Head-to-head: Midfield battle between Chris Farrell and Garry Ringrose will be key
The two Ireland internationals have impressed since rugby’s return
The midfield battle between Munster’s Chris Farrell with Garry Ringrose will be key on Friday night. Photograph: Dan Sheridan/Inpho
Chris Farrell (Munster)
Height: 1.92m (6’ 4”)
Weight: 110kg (17st 4lbs)
Munster appearances: 37 (six tries)
Ireland caps: 9
Why’s he so important? Initially took some ribbing from his Ireland teammates about being a ‘crash ball’ merchant, there is so much more to Farrell’s game as he has ably demonstrated both for his country and Munster. He runs good lines and is a handful for defenders who don’t get a solid shoulder on him in the tackle. He has also demonstrated good peripheral vision that coupled with a nice range to his passing and the ability to offload can make him difficult to shackle.

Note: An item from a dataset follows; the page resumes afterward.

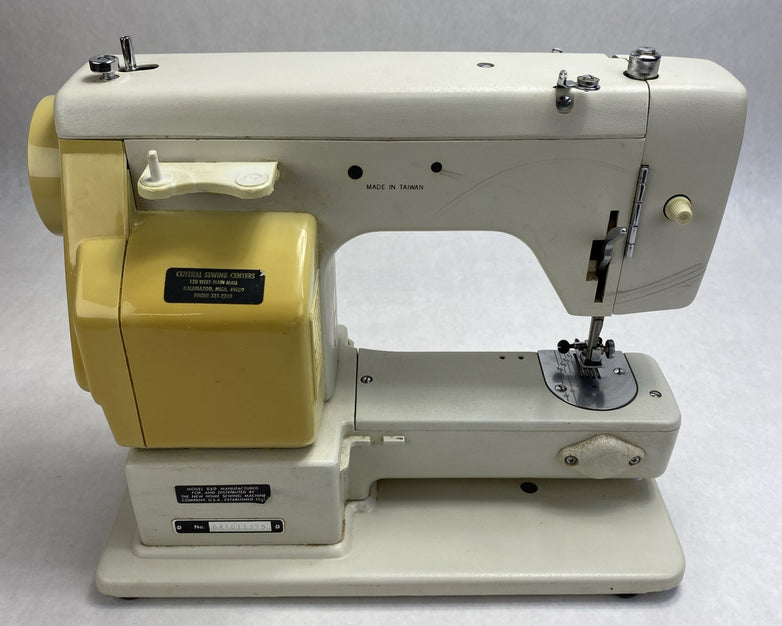 Vintage Janome New Home Model 640 Sewing Machine - Pedal and Manual With Case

He’s physical in defence and although in the embryonic stage of his midfield partnership with Damian de Allende there are signs that it could develop into a productive one. In a broader context, the man of the match the last time these teams met a fortnight ago, will be keen to impress Ireland coach Andy Farrell and reinforce his credentials.

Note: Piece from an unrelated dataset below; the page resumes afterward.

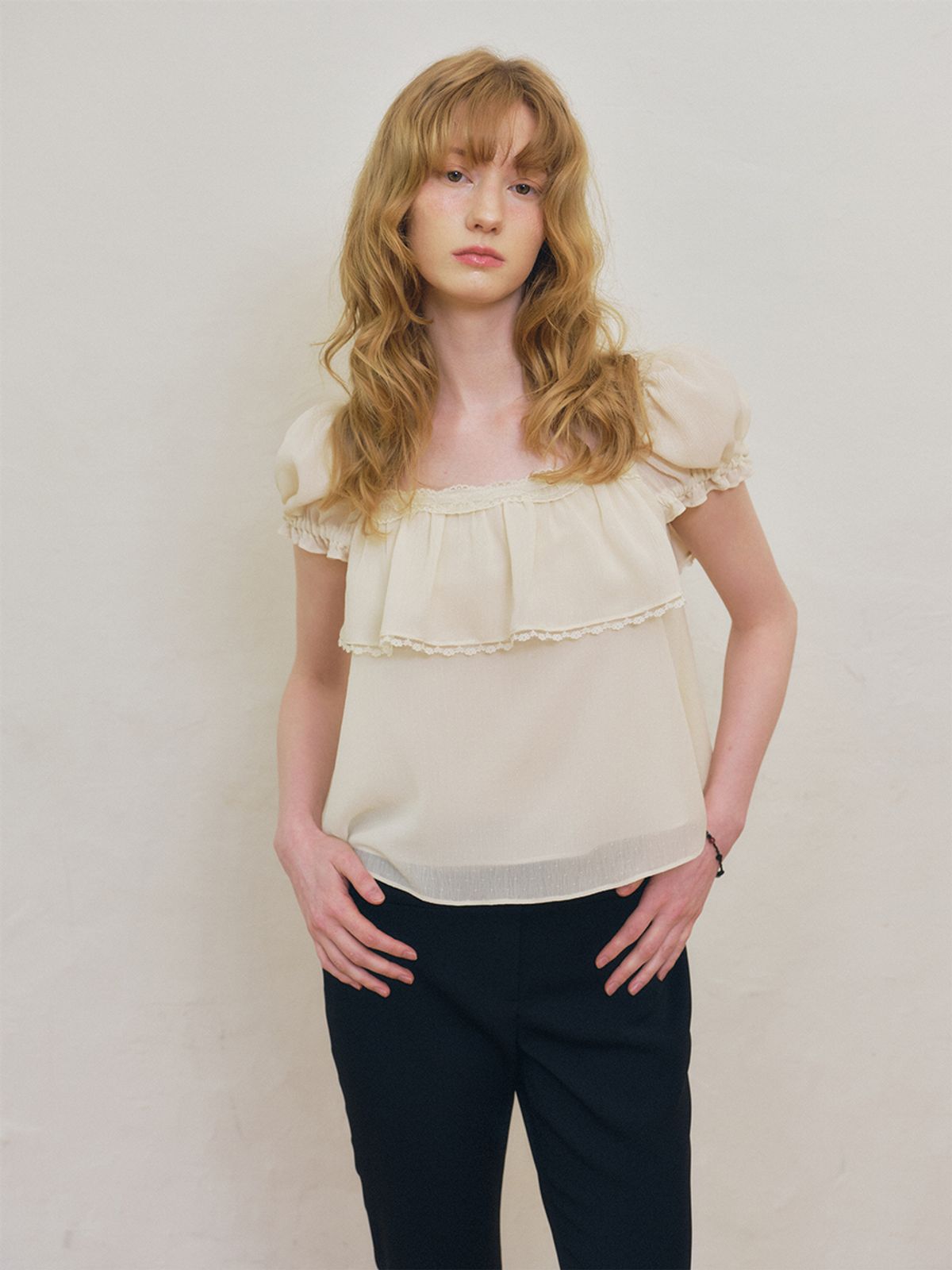 오앨(OUEL) CHIFFON PUFF BLOUSE_BUTTER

Trivia: Born in Fivemiletown, south Tyrone, near the border with Fermanagh, his first love was soccer and he was a centre half for Clogher Valley before switching his attention full-time to rugby. An Ulster academy product he moved to Grenoble in France before accepting an offer to join Munster. On his Ireland debut against Fiji (2017) he formed a midfield partnership with Stuart McCloskey, the second time that the pair had played together; the first occasion several years before in a club game for Dungannon.
Height: 1.90m (6’ 2”)
Weight: 94kg (14st 9lbs)
Leinster appearances: 74 (25 tries)
Caps: 29 (8 tries)
Why he’s so important? A testimonial from his Ireland team-mate Iain Henderson offers an insight into the transition from a lavishly gifted young centre into a polished and accomplished test player. “Maybe he came in still very young and quiet [into the national set-up] but he has grown into this position. For me he leads in what he does. If I see Garry’s name on the team sheet I know automatically he is going to put in a performance. For me that is a quality, a style of leadership that will instil confidence in all the players around him, that he is going to a job to the best of his ability.” Footwork, pace, balance, good spatial awareness, he hasn’t paused in his quest to be the best. A try scorer the last day and a catalyst for Leinster’s attacking patterns.

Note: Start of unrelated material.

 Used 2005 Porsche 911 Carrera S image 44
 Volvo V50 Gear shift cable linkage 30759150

Trivia: At school he was sub scrumhalf on the JCT, played fullback in fourth and fifth year and it was only an injury to another player that saw him switch to the number 13 jersey. It is a role in which he has thrived for province and country. He’s scored eight tries for Ireland but also has a 100 per cent kicking return, having landed a touchline conversion in a Test match against the USA on a summer tour in 2017. He is an ambassador for LauraLynn, the Children’s hospice based in Leopardstown.